There are any number of Becker radio models that look so much like the one that came in your car, I don't think many people would notice the difference. You can even get Becker radios that look like they absolutely belong in your car, but they're stereo and include a cassette player!
But typically the earlier 6.3s (1968 through 71s) had a Becker Grand Prix with Wonderbar (self-seek) and Shortwave / Longwave /AM/FM capability as a specified option; the standard radios were generally the stock AM/FM non-Wonderbar Europa with either three AM (BC) and 2 FM or three FM and 2 AM (BC) pre-sets. (see below radios)
Also the non cassette Becker Mexico was available for the 68-71 Mercedes Benz cars.
Some 69 6.3 came stock a Europa , you can replace it with a Becker Mexico Cassette (second version from the late 70s) which looks similar to the regular Beckers, as mentioned, but with a cassette slot at the bottom and no preset buttons. I believe the latest 1971 and many 1972 6.3s came with the Mexico Cassette as a specified option. This Radio cost almost $2000!!!
Another choice is a later model Becker Europa II Stereo.
A US '68 would most likely have been delivered with a four band mono Grand Prix with five presets LW BC SW FM FM. Some had a mono Europa with similar pre-sets. What radio you decide to put in depends mostly on which speakers are fitted in the car. If you only have the top center dash speaker and perhaps a center rear speaker, you will want to use a mono radio. If you have stereo speakers fitted in the kick panels and perhaps the rear deck, you should fit a stereo Grand Prix, or Europa. You could also fit a stereo Mexico cassette although technically it wasn't available until '69. Four band stereo Grand Prix are very hard to find. Please note that many European models from this era, mostly four banders, only go to 104 on the FM dial. You can also fit an Olympia glove box cassette player or a Reims shortwave adaptor if you want to add these features to a radio without them.
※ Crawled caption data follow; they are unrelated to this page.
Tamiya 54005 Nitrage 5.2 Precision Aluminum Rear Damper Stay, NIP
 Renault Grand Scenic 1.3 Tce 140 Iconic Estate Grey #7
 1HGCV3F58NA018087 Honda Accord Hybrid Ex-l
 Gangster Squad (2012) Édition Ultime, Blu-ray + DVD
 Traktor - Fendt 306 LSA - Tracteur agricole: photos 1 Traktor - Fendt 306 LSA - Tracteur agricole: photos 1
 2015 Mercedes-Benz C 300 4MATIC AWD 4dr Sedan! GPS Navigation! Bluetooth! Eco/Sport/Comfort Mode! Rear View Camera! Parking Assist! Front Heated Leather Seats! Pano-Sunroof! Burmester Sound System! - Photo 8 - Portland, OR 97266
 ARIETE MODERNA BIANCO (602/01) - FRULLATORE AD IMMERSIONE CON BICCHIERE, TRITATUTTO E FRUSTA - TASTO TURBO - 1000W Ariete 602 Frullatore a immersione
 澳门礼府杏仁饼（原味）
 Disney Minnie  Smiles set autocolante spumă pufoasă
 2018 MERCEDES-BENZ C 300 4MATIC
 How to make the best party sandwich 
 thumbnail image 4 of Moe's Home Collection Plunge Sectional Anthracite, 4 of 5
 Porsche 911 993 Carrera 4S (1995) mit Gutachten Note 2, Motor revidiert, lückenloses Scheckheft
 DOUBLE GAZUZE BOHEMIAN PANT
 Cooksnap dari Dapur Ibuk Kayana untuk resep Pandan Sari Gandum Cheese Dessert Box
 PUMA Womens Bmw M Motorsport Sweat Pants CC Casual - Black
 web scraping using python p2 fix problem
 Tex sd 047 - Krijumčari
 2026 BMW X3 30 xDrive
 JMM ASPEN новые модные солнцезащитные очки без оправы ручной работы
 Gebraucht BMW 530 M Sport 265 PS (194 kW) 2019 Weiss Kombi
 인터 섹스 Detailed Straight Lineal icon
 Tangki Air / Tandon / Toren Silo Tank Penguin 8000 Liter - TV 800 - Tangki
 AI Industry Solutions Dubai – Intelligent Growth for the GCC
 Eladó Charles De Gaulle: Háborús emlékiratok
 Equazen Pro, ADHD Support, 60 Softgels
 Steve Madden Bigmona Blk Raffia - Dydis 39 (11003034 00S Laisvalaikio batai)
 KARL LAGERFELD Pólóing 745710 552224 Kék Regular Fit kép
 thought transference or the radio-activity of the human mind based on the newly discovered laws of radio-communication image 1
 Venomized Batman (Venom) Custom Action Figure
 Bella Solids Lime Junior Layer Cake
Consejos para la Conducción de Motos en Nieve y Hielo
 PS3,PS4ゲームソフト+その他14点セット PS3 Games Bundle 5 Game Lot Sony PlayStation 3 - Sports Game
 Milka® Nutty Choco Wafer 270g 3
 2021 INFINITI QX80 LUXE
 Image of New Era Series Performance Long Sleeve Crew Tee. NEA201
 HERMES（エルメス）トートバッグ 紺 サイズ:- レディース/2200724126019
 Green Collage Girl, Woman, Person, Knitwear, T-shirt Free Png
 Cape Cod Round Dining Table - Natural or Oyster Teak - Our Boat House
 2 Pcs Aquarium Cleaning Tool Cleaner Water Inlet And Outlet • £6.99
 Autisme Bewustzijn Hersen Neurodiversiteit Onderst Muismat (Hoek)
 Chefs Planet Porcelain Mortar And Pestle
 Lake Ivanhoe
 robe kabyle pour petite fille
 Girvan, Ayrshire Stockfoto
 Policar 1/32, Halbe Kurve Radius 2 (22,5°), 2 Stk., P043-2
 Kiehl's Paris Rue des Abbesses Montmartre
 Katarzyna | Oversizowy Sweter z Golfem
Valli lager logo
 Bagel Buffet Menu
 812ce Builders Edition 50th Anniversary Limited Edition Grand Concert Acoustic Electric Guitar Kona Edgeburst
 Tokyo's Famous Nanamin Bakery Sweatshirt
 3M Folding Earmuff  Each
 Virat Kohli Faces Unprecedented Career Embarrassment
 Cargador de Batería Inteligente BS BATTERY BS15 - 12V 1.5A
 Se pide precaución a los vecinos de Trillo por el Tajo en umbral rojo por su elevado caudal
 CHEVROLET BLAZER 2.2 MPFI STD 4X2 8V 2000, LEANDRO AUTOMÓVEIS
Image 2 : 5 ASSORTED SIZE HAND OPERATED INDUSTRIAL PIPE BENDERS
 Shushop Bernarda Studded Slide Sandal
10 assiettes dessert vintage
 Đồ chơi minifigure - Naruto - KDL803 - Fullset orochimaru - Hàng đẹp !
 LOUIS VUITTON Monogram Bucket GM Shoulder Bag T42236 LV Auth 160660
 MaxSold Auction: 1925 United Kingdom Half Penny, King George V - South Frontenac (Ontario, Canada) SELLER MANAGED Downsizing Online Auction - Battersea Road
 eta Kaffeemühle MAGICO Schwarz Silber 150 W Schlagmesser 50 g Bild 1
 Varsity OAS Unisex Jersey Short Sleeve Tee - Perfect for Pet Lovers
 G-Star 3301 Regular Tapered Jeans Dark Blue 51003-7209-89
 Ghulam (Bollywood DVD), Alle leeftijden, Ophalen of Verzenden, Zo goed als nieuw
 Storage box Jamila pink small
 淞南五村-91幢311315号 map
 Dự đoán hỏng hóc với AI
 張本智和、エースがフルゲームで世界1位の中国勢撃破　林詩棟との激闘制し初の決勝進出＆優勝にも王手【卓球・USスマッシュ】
Also, most if not all US-spec 6.9s came with the Mexico Cassette standard. The radio looks in character with those cars as well, proving the classic timelessness of the Becker designs. (You can replaced your 6.9s radio with a Becker 754, which is a more modern-looking 1986-87 AM-FM-cassette unit with a digital LCD display.
I would be a little wary of buying radios on eBay without some kind or warranty or return privledge. The seek mechanisms on Grand Prix and Mexicos are frequently faulty, and the band change switches are often corroded making it difficult to get good AM. Buying a rebuilt radio directly from Becker might be pricy, but guarantees a perfect working unit.